Note

This page is a reference documentation. It only explains the class signature, and not how to use it. Please refer to the user guide for the big picture.

nidl.datasets.BaseImageDataset¶

class nidl.datasets.BaseImageDataset(root, patterns, channels, subject_in_patterns, split='train', targets=None, target_mapping=None, transforms=None, mask=None, withdraw_subjects=None)[source]¶

Bases: BaseDataset

Scalable neuroimaging dataset that uses files.

Parameters:

root: str: the location where are stored the data.
patterns: str or list of str: the relative locations of the images to be loaded.
channels: str or list of str, default=None: the name of the channels.
subject_in_patterns: int or list of int: the folder level where the subject identifiers can be retrieved.
split: str, default ‘train’: define the split to be considered.
targets: str or list of str, default=None: the dataset will also return these tabular data.
target_mapping: dict, default None: optionaly, define a dictionary specifying different replacement values for different existing values.

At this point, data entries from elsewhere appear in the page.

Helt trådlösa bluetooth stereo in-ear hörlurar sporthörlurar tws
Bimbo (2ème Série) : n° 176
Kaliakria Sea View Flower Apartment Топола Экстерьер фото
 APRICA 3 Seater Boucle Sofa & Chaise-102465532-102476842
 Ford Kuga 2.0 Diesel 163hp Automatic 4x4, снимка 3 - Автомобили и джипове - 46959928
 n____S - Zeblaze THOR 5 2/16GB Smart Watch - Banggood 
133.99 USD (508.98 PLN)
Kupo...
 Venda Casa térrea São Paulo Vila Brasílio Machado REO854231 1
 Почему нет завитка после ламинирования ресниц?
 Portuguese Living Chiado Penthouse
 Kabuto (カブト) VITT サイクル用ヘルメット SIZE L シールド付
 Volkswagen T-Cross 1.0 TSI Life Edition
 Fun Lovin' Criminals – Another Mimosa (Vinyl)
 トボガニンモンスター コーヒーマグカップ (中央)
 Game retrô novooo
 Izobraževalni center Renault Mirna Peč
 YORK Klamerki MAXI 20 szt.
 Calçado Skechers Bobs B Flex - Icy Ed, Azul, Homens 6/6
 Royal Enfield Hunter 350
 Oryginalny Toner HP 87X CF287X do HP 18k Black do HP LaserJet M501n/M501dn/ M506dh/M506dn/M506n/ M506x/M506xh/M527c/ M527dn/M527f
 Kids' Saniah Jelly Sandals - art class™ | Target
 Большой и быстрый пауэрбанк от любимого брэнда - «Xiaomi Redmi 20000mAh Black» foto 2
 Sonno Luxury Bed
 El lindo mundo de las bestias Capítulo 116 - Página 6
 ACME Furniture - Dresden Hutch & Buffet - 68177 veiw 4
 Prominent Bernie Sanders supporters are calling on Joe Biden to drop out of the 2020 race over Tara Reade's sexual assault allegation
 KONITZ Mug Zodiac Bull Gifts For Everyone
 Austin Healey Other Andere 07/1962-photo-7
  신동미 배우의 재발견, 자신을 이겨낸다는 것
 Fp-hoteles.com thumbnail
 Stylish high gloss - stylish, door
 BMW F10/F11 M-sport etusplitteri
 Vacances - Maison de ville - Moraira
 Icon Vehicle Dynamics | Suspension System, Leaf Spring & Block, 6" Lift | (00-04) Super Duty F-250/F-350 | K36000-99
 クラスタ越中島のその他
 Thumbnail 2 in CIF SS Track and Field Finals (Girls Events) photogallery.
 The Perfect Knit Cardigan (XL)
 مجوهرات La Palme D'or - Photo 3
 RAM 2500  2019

See pandas DataFrame.replace documentation for more information.
transforms: callable, default None: a function that can be called to augment the input images.
mask: str, default None: optionnaly, mask the input data using this numpy array.
withdraw_subjects: list of str, default None: optionaly, provide a list of subjects to remove from the dataset.

Raises:

FileNotFoundError: If the mandatorry input files are not found.
KeyError: If the mandatory key are not found.
UserWarning: If missing data are found.

Notes

A ‘participants.tsv’ file containing subject information (including the requested targets) is expected at the root. A ‘<split>.tsv’ file containg the subject to include is expected at the root. The general idea is not to copy all your data in the root folder but rather use a single symlink per project (if you are working with aggregated data). To enforce reproducibility you can check if the content of each file is persistent using the get_checksum method.

__init__(root, patterns, channels, subject_in_patterns, split='train', targets=None, target_mapping=None, transforms=None, mask=None, withdraw_subjects=None)[source]¶

get_checksum(path)[source]¶: Hashing file.

get_data(idx)[source]¶: Proper data indexing.

sanitize_subject(subject)[source]¶